Ara sıcak olarak lahmacun yiyoruz. Mezeler ve lahmacun gayet lezzetli. Ancak ana yemek olarak sipariş ettiğimiz “Konak Köfte” bizi hayal kırıklığına uğratıyor; köfteler kuru ve sıradan. Tatlı olarak söylediğimiz künefe, ağız tadımızı yerine getiriyor. Servis ekibi yeteri kadar özenli ve profesyonel değil, bu kadar emek verilmiş bir mekânda çalışan ekibin çok daha iyi olması gerektiğini düşünüyorum. Ertesi sabah otelimizde yaptığımız harika yöresel kahvaltıdan sonra, rehberimiz Cuma Ali Korkmaz ile arabayla Hatay turumuza başlıyoruz. Öncelikle, rehberimizin anlattığı “Defne ve Apollo” hikâyesi eşliğinde Harbiye Şelale turu yapıyoruz. Buranın yemyeşil doğası ve ağaçların arasından akan şelaleleri, huzur veriyor. Daha sonra Hatay’ın sahil kenti olan Samandağ’dan geçiyoruz. Yaklaşık 2000 yaşında olan “Anıt Ağaç”ta mola veriyoruz. Efsaneye göre, Hz. Musa’nın burada mola vermek için yere koyduğu asası bir çınar ağacına dönüşür. Biz de burada mola verip, enfes “Katıklı Ekmek”in tadına bakıyoruz.
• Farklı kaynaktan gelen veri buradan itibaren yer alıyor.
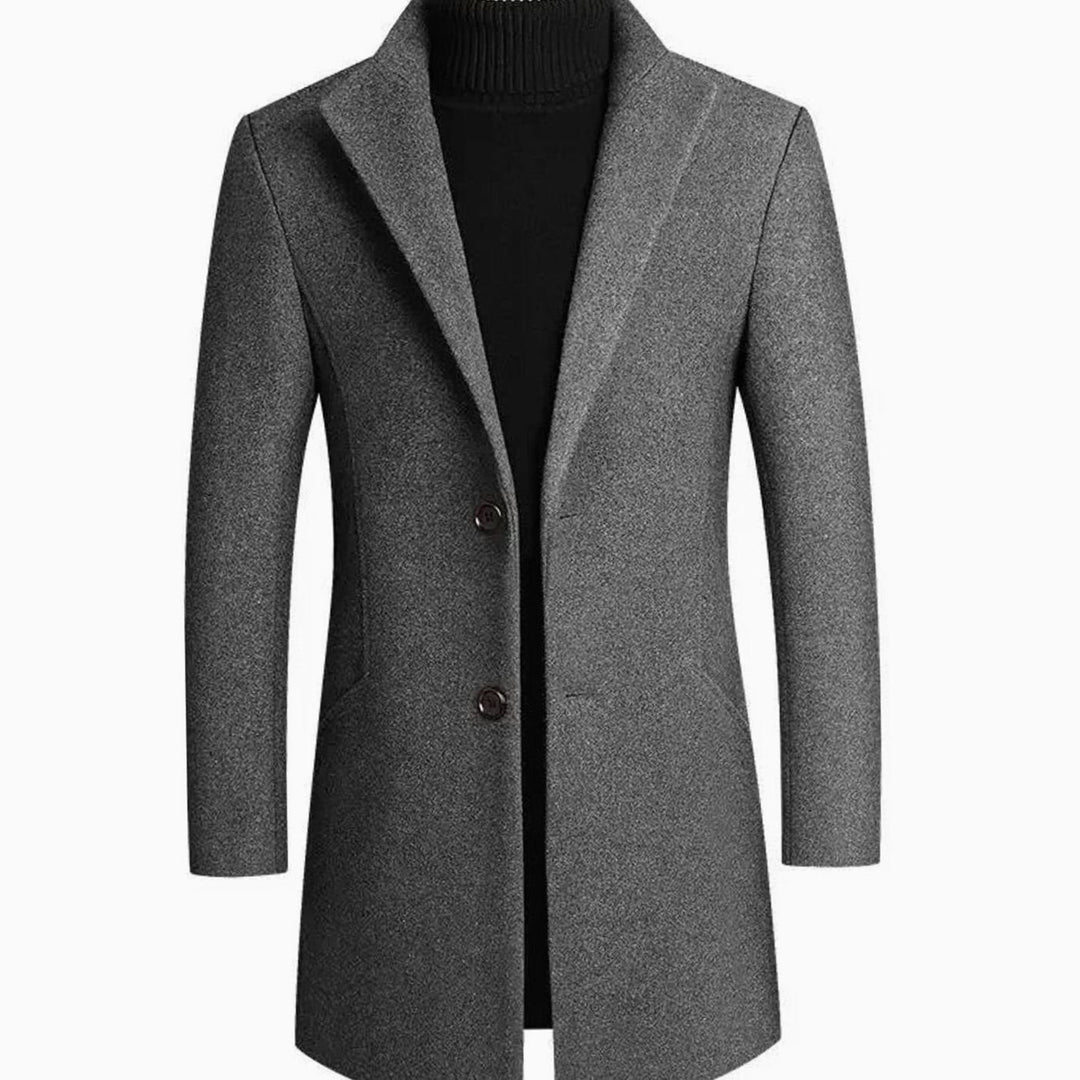 Leander | Herre Uldfrakke Slim Fit Notch-Lapel - Burgundy - Image 4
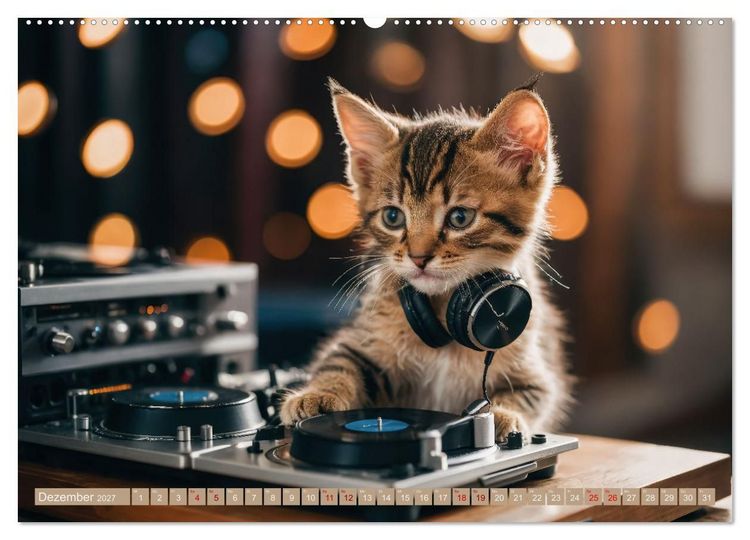 Produktbild: Miau-sikalische Momente (hochwertiger Premium Wandkalender 2027 DIN A2 quer), Kunstdruck in Hochglanz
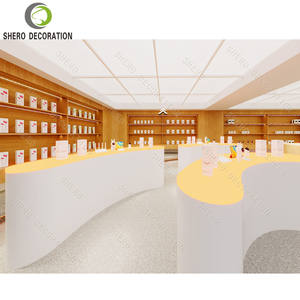 Design d'intérieur moderne pour boutique de téléphonie mobile, vitrine murale de haute qualité pour boutique de téléphonie mobile avec comptoir en bois - Product Image 2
Sonraki durağımız, Türkiye’de başka bir örneği olmayan, toplu halde yerleşik düzende yaşayan tek Ermeni köyü olan, Vakıflı. Küçük güzel kiliselerini gezip, köyde yetişen meyvelerle hazırladıkları şaraplarından alarak Dor Mabedi’ne devam ediyoruz. Dor Mabedi’nin
bulunduğu

bulunduğu tepeden, Türkiye’nin en uzun ikinci sahili olan Samandağ’ın da göründüğü harika manzarayı seyrediyoruz. Son olarak Vespasianus-Titus tünelini geziyoruz. Bu tünel, limandaki su kaybını önlemek için sel sularını yönlendirmek amacıyla, tamamen insan gücüyle inşa edilmiş. Tünelin içinden gidiş-dönüş, yaklaşık bir saat yürüyoruz. Çok görkemli ve etkileyici. Özenle hazırlamış olduğu tur programı, güzel anlatımı ve sıcak ağırlaması için rehberimiz Cuma Ali Korkmaz’a teşekkür ederek otelimize dönüyoruz. Ertesi sabah efsanevi Hatay Arkeoloji Müzesi’ne gidiyoruz. Müze, dünyadaki en güzel mozaik koleksiyonlarından birine sahip. Çok iyi düzenlenmiş, ferah ve bakımlı. Mozaikleri, hayran kalarak gezdikten sonra lahitlerin olduğu bölüme geçiyoruz. Özel bir galeride sergilenen Antakya Lahdi, görkemi ve üzerindeki çok iyi korunmuş süslemeleriyle bizi etkiliyor. Havaalanına gitmeden önce, Savon Hotel’de enfes bir öğle yemeği yiyoruz. Savon Hotel, 1860’larda sabun ve zeytinyağı fabrikası olarak inşa edilmiş. Tarihi bina, 2001 yılında geçirdiği iki yıllık renovasyondan sonra, otel olarak hizmet vermeye başlamış. Adana, neşeli ve hayattan keyif almayı bilen insanları, lezzetli ciğeri ve kebapları, renkli çarşısıyla; Antakya ise candan ve hoşgörülü insanları, enfes mezeleri, turizmde daha iyi yerde olmayı hak eden kumsalı ve doğası, Arkeoloji müzesi, bir arada barış içinde yaşayan çeşitli medeniyetleri, Titus Tüneli’yle, kalbimizde özel yerlerini alıyor.